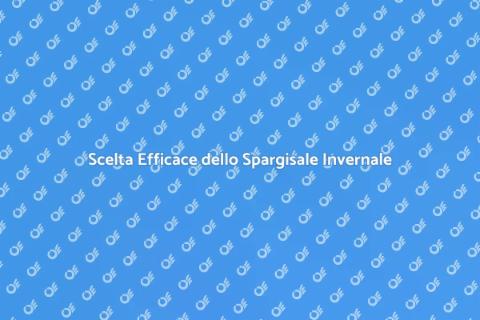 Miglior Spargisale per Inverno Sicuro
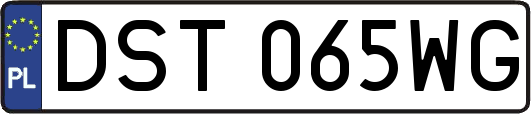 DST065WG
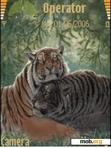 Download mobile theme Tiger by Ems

==

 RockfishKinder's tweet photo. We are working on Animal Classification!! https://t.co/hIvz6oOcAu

...

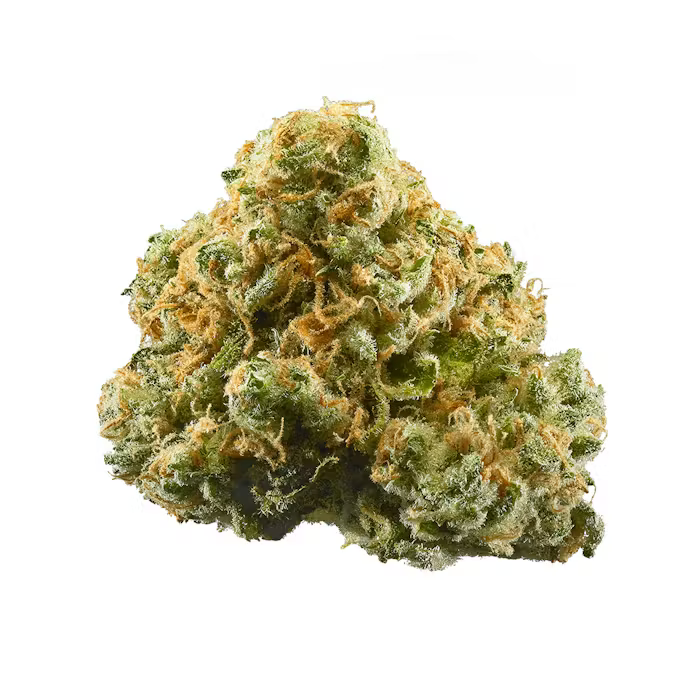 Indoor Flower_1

Work task: Above are the records. Copy word for word only their lines from the one holding "Miglior Spargisale per Inverno Sicuro" through the one holding "Download mobile theme Tiger by Ems", both included, and skip the images.

Exercise solution:
 Miglior Spargisale per Inverno Sicuro
 DST065WG
 Download mobile theme Tiger by Ems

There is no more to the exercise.